▸ TASK MATERIAL:
^^^^
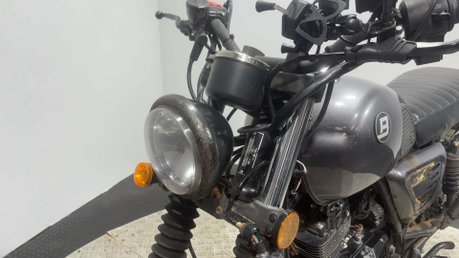 Bullit Bluroc 2021 6K RUNNING RETRO MODERN CLASSIC BIKE PROJECT 125CC LEARNER 21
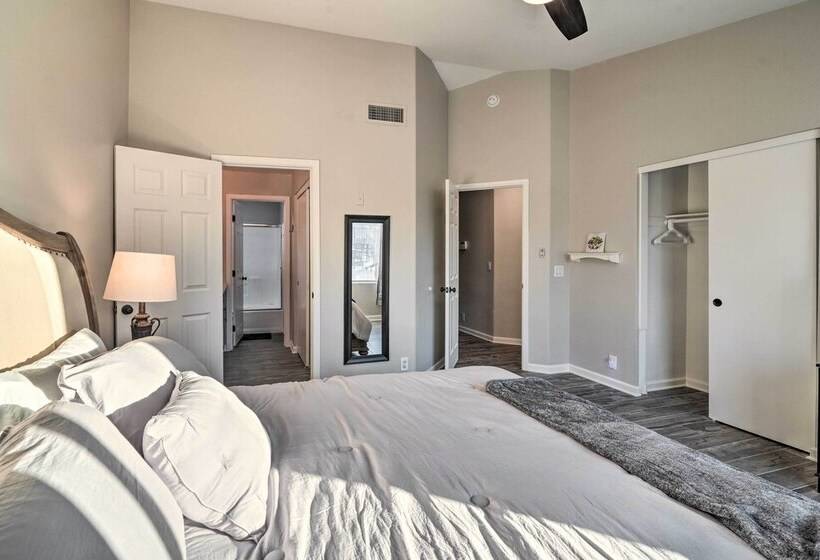 Peoria Home W/ Fenced Outdoor Pool + Yard!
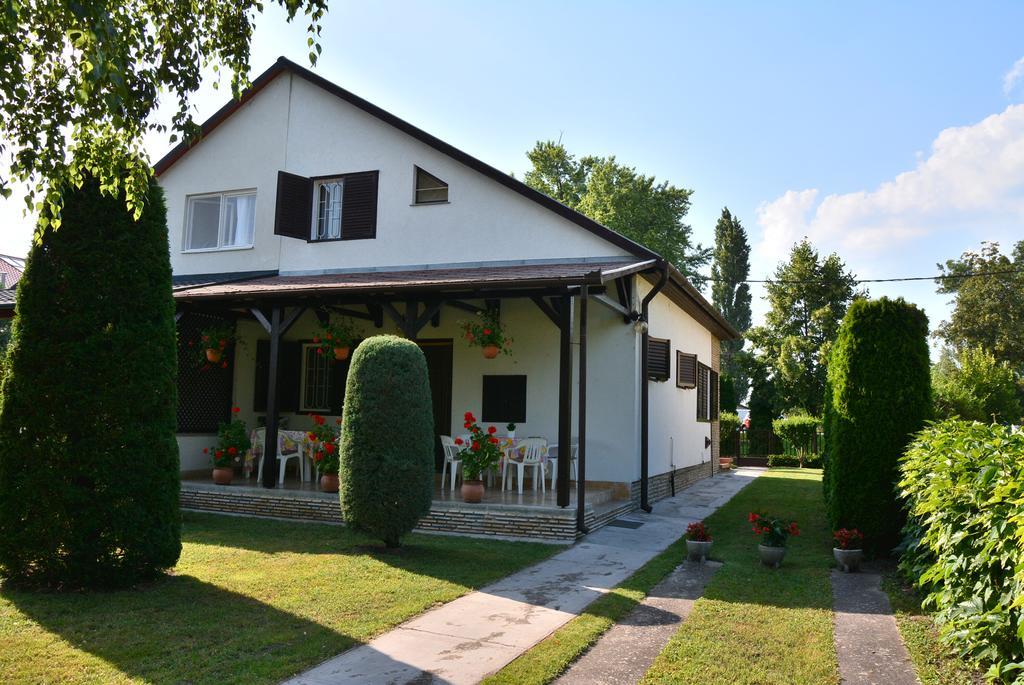Rozsa Nyaralohaz Villa Balatonboglár Buitenkant foto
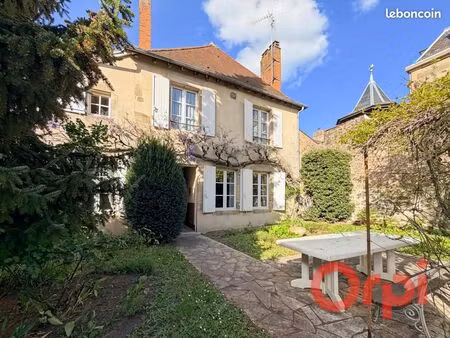 maison de ville 5 pièces 205 m²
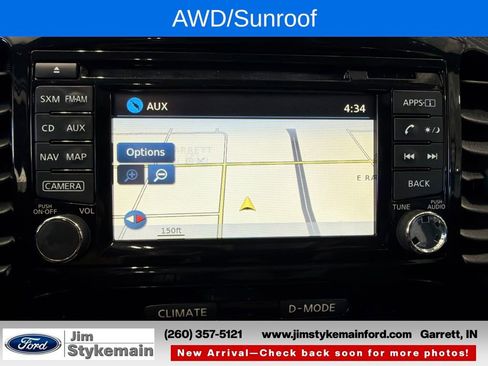 Used 2015 Nissan Juke SV w/ Technology Package AWD/4WD image 25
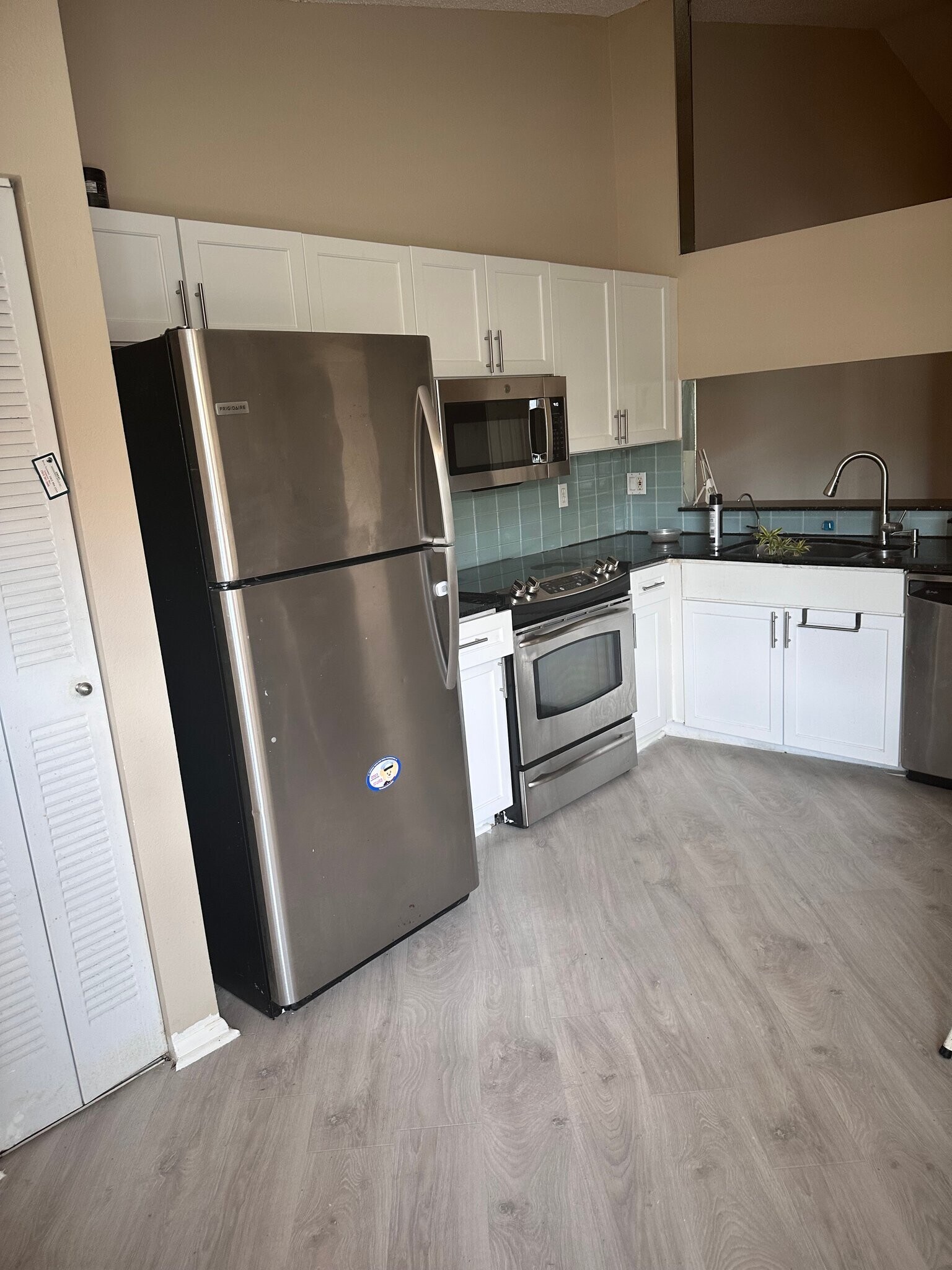 Building Photo - 8108 Summer Shores Dr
^^^^
▸ WHAT THE TASK REQUIRES: Each entry above should be reproduced exactly, with the pictures removed.

▸ RESULT FOR THIS EXERCISE:
 Bullit Bluroc 2021 6K RUNNING RETRO MODERN CLASSIC BIKE PROJECT 125CC LEARNER 21
 Peoria Home W/ Fenced Outdoor Pool + Yard!
Rozsa Nyaralohaz Villa Balatonboglár Buitenkant foto
 maison de ville 5 pièces 205 m²
 Used 2015 Nissan Juke SV w/ Technology Package AWD/4WD image 25
 Building Photo - 8108 Summer Shores Dr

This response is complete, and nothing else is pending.